--- START ---
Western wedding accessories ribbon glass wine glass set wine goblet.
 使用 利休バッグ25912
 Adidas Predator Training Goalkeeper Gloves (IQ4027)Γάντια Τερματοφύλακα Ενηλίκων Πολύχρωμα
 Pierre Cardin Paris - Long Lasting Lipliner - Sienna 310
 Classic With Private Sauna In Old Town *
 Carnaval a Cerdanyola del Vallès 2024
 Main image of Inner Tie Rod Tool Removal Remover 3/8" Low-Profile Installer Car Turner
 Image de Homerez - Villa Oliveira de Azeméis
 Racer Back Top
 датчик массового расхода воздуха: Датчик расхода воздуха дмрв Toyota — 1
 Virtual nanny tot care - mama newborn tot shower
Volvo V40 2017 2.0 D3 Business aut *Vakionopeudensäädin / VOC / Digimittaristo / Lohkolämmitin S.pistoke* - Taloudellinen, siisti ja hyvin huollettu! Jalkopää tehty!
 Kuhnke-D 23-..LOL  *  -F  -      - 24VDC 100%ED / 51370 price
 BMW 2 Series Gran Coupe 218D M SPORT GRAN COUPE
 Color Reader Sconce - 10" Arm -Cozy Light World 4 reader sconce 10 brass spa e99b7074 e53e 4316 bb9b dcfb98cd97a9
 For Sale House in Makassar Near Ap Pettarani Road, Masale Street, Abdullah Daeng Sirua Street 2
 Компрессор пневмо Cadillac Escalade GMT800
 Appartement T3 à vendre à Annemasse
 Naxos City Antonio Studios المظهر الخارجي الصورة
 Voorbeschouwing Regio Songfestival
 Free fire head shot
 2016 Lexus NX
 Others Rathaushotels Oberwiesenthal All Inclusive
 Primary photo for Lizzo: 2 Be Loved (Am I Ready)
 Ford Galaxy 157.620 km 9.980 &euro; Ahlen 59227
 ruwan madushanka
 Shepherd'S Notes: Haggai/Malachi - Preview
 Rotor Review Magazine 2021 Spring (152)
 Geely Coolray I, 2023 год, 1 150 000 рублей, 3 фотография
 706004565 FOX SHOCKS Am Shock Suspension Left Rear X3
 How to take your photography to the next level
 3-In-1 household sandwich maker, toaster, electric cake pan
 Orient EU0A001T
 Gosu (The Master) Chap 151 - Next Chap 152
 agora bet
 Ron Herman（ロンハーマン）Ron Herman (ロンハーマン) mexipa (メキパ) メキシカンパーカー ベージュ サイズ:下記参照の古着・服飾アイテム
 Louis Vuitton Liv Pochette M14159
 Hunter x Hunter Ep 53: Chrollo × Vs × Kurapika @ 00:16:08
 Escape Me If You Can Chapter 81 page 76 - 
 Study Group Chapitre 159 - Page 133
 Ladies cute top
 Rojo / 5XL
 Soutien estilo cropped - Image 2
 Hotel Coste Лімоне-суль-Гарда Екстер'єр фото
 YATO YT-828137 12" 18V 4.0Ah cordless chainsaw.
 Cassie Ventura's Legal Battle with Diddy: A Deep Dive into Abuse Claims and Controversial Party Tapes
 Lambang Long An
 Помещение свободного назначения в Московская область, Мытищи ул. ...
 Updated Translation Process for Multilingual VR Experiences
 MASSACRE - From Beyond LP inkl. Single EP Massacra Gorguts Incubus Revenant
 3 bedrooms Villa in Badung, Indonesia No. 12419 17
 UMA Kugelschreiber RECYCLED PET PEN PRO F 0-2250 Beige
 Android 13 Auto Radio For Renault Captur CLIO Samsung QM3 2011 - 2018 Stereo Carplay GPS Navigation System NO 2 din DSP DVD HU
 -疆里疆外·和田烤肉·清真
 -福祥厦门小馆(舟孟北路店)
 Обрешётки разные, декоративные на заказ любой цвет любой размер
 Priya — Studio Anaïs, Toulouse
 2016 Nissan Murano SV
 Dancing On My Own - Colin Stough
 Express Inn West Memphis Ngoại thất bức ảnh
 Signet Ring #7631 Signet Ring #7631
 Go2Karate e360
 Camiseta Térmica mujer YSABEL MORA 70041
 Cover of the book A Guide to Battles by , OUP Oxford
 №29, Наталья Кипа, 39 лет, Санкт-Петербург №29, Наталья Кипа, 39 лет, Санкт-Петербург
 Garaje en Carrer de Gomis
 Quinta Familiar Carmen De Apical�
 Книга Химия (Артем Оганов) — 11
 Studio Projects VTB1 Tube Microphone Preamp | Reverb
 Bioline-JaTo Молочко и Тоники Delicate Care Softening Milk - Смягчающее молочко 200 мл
--- END ---
**Task**
The first line of the data, the line with "Color Reader Sconce", and all lines in between are to be copied exactly. Leave out everything else.

**Result for this task**
Western wedding accessories ribbon glass wine glass set wine goblet.
 使用 利休バッグ25912
 Adidas Predator Training Goalkeeper Gloves (IQ4027)Γάντια Τερματοφύλακα Ενηλίκων Πολύχρωμα
 Pierre Cardin Paris - Long Lasting Lipliner - Sienna 310
 Classic With Private Sauna In Old Town *
 Carnaval a Cerdanyola del Vallès 2024
 Main image of Inner Tie Rod Tool Removal Remover 3/8" Low-Profile Installer Car Turner
 Image de Homerez - Villa Oliveira de Azeméis
 Racer Back Top
 датчик массового расхода воздуха: Датчик расхода воздуха дмрв Toyota — 1
 Virtual nanny tot care - mama newborn tot shower
Volvo V40 2017 2.0 D3 Business aut *Vakionopeudensäädin / VOC / Digimittaristo / Lohkolämmitin S.pistoke* - Taloudellinen, siisti ja hyvin huollettu! Jalkopää tehty!
 Kuhnke-D 23-..LOL  *  -F  -      - 24VDC 100%ED / 51370 price
 BMW 2 Series Gran Coupe 218D M SPORT GRAN COUPE
 Color Reader Sconce - 10" Arm -Cozy Light World 4 reader sconce 10 brass spa e99b7074 e53e 4316 bb9b dcfb98cd97a9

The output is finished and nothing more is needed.